During Monday’s White House press conference, press secretary Karine Jean-Pierre said that Biden will not be taking a cognitive test as part of his upcoming physical exam, coming as questions are raised on Biden’s mental fitness.
Jean-Pierre said that Dr. Kevin O’Conner, Biden’s physician, does not believe a cognitive test is necessary, adding that O’Conner believes Biden has proven his cognitive ability "every day in how he operates and how he thinks."
"Does the White House think that the idea of the president taking a cognitive test as a part of this physical is a legitimate idea?" one reporter asked.
"I'm just gonna say what Dr. O'Connor said to me about a year ago when [Biden's physical] was released," Jean-Pierre said. "The president proves every day in how he operates and how he thinks, by dealing with world leaders, by making difficult decisions on behalf of the American people – whether it's domestic or it's national security."
"That is how Dr. O'Connor sees it, and that is how I'm going to leave it," she added.
Jean-Pierre said that Biden has traveled across the country and met with world leaders in recent months and that she herself has spent "countless hours" with Biden, and he is "sharp, he’s engaged," and "on top of things."
"When we have meetings with him and his staff he is constantly pushing us, trying to get more information, and so that has been my experience with this president," she said.
Biden’s mental fitness has been called into question after the release of special counsel Robert Hur’s report, which stated that "Our investigation uncovered evidence that President Biden willfully retained and disclosed classified materials after his vice presidency when he was a private citizen."
The report added that Biden’s memory was significantly limited” during his 2023 interviews with the special counsel.
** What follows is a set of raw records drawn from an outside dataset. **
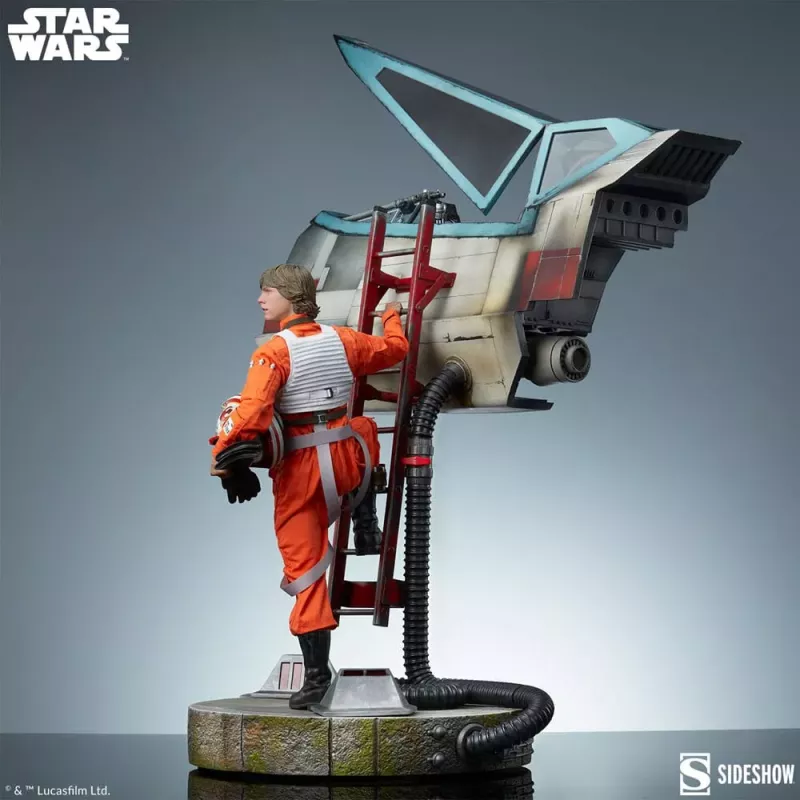 Star Wars Luke Skywalker & X-Wing: Red Five Sideshow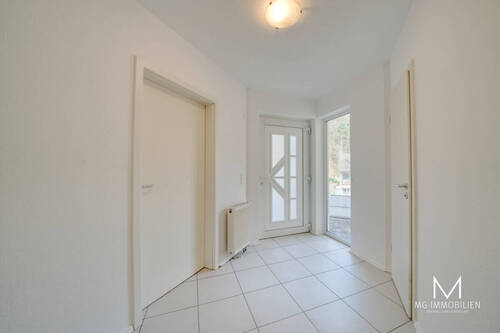 Eingangsbereich - Mehrfamilienhaus, Wohnhaus mit 434,00 m&sup2; in Mittelbrunn zum Kaufen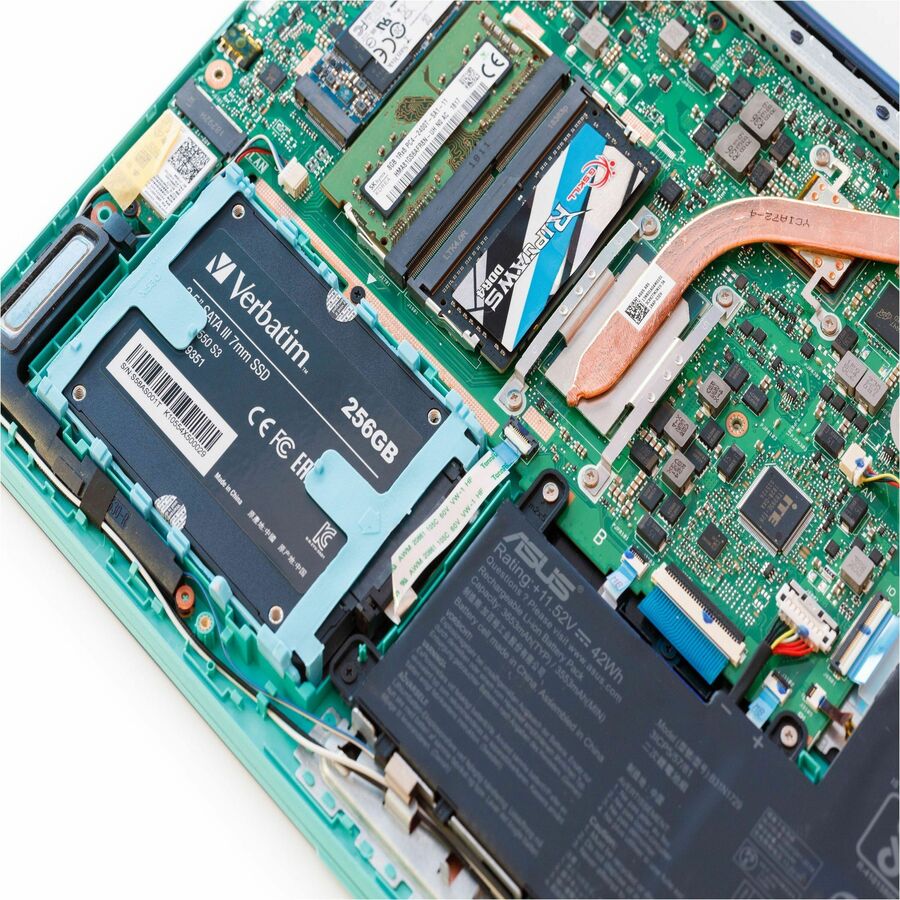 Verbatim Vi550 S3 256 GB Solid State Drive - 2.5" Internal - SATA (SATA/600) - 49351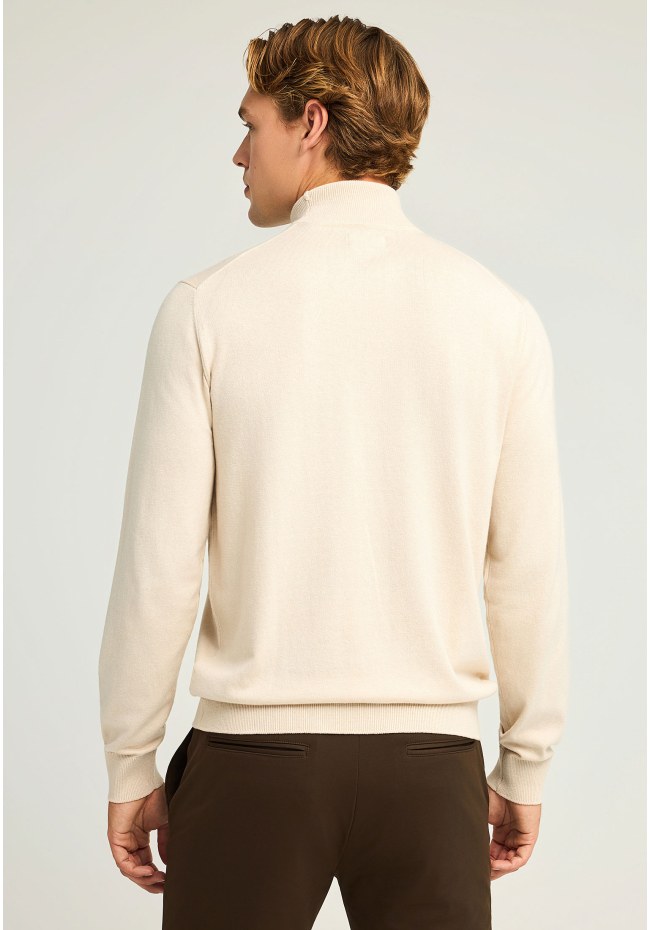 Men's knitted turtleneck sweater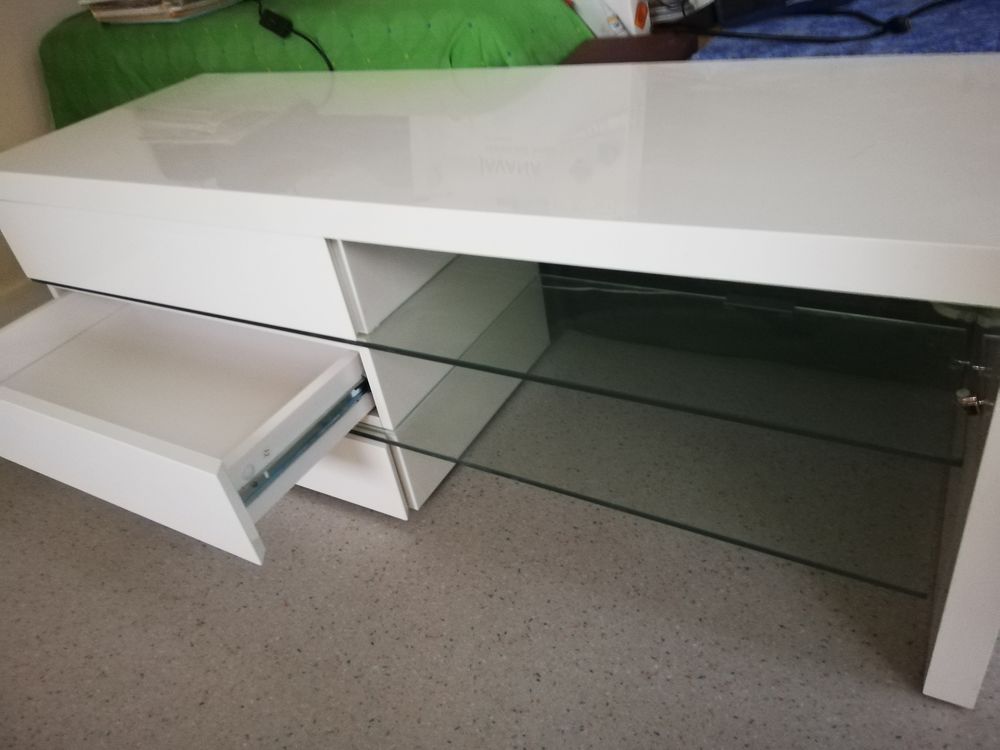 meuble tv laqu&eacute; Meubles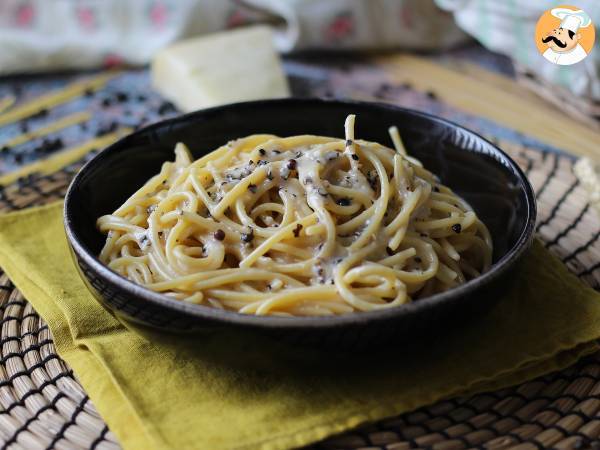 Спагетти cacio e pepe: 3 ингредиента, взрыв вкуса!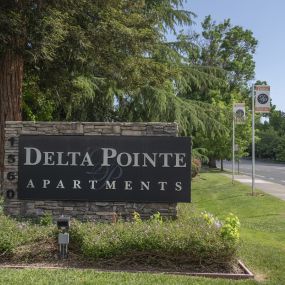 Property sign at Delta Pointe Apartments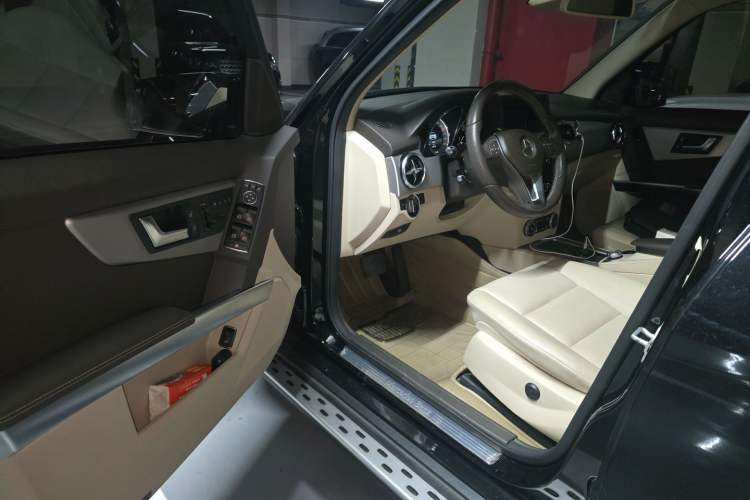 Used Mercedes-Benz GLK-Class 2013 Facelift GLK 300 4MATIC Fashion Edition Driver Seat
"We have also considered that, at trial, Mr. Biden would likely present himself to a jury, as he did during our interview of him, as a sympathetic, well-meaning, elderly man with a poor memory," the report from Hur stated. "Based on our direct interactions with and observations of him, he is someone for whom many jurors will want to identify reasonable doubt. It would be difficult to convince a jury that they should convict him — by then a former president well into his eighties — of a serious felony that requires a mental state of willfulness."